Old School Jeopary and New School Web Design

Added on by Sam Davidson.

Yesterday, while doing nothing after landing from LAX, I caught the very first episode of Jeopardy! The game show is celebrating its 25th anniversary, and there's no hiding that this episode dropped right out of 1984.

What I found most intriguing was how much Canada's own Alex Trebek talked. He explained everything. He told us why the show was called Jeopardy!, why the second round was called double jeopardy and how everything worked.

Of course, he had to. No one had ever seen it before. Tune in to a new episode and Alex keeps quiet, just reading the clues and the results. Jeopardy! is such a part of our culture now that most people who watch know the rules and aren't confused by the fact that the questions are answers and the answers are questions. Sit down with a first timer, however, and you can watch their brain literally explode.

The same can go for your Web site. You may assume that everyone coming to it knows a little bit about you. So, the layout and copy speak a certain language. Or, you may assume that everyone coming there knows nothing about what you do. So, the layout and copy are tailored to those people.

Chances are, you have some of each audience coming. So how can you design a site that provides them both with the information they need? How can you educate a newcomer without boring a repeat guest?

At Cool People Care, it's very tempting to rerun articles. After all, the article that ran last year on September 9 was only seen by about half of the audience we have today. So, who cares if we repeat ourselves? There's a whole lot of new eyeballs to please.

Then again, last year on September 9, we had thousands of people already subscribing. So, don't they deserve something fresh and new?

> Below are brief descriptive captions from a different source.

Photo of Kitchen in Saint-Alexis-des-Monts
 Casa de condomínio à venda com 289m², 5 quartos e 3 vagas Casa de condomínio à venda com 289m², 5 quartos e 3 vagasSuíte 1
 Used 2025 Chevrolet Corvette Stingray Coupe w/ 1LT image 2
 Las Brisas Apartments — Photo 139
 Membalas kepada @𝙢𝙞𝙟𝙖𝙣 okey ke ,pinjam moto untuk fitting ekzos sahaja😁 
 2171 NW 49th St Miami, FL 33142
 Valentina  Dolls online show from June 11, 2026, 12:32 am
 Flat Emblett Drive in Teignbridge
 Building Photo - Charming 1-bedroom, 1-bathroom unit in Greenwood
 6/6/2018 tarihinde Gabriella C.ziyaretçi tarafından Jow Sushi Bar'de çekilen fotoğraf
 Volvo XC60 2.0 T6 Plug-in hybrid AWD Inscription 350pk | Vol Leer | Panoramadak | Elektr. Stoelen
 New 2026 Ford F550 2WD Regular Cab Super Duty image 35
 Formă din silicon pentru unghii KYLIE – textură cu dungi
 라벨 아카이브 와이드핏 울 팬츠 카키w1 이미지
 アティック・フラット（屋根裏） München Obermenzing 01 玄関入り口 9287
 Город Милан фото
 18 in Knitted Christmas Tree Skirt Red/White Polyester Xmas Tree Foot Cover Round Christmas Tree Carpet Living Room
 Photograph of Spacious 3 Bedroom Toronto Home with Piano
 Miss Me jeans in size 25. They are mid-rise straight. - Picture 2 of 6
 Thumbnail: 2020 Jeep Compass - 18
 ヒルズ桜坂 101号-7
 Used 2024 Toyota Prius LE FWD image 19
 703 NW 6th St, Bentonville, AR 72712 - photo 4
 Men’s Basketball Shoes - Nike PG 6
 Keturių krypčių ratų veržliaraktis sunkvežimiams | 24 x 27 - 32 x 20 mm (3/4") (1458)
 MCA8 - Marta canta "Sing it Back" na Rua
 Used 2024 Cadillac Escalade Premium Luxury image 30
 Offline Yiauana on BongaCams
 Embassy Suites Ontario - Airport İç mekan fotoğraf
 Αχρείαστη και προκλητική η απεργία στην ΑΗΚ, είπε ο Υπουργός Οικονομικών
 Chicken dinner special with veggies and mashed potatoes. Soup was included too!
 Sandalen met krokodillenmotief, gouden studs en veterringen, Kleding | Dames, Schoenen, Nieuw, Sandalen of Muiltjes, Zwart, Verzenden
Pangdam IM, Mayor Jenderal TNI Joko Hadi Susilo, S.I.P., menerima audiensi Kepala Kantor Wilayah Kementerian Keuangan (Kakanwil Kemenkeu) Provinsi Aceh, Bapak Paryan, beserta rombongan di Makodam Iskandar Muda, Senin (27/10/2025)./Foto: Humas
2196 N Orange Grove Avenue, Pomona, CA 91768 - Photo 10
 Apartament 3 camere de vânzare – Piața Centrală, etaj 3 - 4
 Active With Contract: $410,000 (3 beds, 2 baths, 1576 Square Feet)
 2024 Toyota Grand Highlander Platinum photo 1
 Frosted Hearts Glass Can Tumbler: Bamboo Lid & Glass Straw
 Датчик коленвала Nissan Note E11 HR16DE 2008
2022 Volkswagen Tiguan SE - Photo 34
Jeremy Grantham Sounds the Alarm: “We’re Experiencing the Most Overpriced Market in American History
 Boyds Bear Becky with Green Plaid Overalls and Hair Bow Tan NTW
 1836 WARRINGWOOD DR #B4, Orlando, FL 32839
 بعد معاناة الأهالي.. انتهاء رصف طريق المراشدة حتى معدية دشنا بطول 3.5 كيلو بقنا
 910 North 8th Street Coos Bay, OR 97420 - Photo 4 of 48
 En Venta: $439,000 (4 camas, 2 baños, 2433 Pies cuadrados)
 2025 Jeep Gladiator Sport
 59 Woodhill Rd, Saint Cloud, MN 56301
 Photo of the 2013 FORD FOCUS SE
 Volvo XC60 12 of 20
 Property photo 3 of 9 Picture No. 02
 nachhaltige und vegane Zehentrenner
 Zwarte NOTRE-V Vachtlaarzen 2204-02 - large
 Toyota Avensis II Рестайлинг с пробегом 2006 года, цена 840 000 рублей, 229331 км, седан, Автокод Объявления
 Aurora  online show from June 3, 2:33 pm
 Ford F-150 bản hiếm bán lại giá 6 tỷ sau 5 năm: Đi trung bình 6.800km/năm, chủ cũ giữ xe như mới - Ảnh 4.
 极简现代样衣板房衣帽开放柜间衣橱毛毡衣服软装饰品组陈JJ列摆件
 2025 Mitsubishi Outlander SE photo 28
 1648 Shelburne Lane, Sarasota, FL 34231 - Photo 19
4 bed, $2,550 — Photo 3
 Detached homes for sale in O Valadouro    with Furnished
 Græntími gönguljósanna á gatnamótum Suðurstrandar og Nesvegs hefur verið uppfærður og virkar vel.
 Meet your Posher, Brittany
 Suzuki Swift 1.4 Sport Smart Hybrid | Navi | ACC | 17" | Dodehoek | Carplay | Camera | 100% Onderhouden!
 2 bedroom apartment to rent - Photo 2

Here's how I'd suggest you think about your Web site, blog or email newsletter in order to both attract and retain visitors.

  • Keep the main thing the main thing. Whatever it is you do (feed the poor, sell a blanket, write a book), make that front and center on your Web site. Return guests will know to skip it and visitors won't be confused as to what it is you can offer them.
  • No one likes wild goose chases. Make sure it's easy to find more information, should someone want it. Not everyone wants to read every last detail of your mission statement, financial reports or your staff bios. So, place them on appropriate internal pages. Some people will be curious about all of that, which is a good thing. Reward their curiosity by making this information easy to find.
  • Do something that other people will talk about online. If you're good, then people will blog and tweet about you, meaning that social media - and not your Web site - will be the first encounter that people will have with you. So, you won't necessarily have complete strangers to your work, just a lot of people with a very vague idea of who you are. If you were to watch Jeopardy! with a first timer and they were confused, they'd either ask someone or use Google to find out what was happening. Folks may do the same with you, too.

Of course, if you have no clue about who you are, what you do or why you're doing it, then it's hard to design a Web site, pick out a company name, or start blogging. So, before hopping online, you'll still need a clear vision of where you're headed. No Web design - simple or slick - can help people figure out who you are if you don't even know who you are.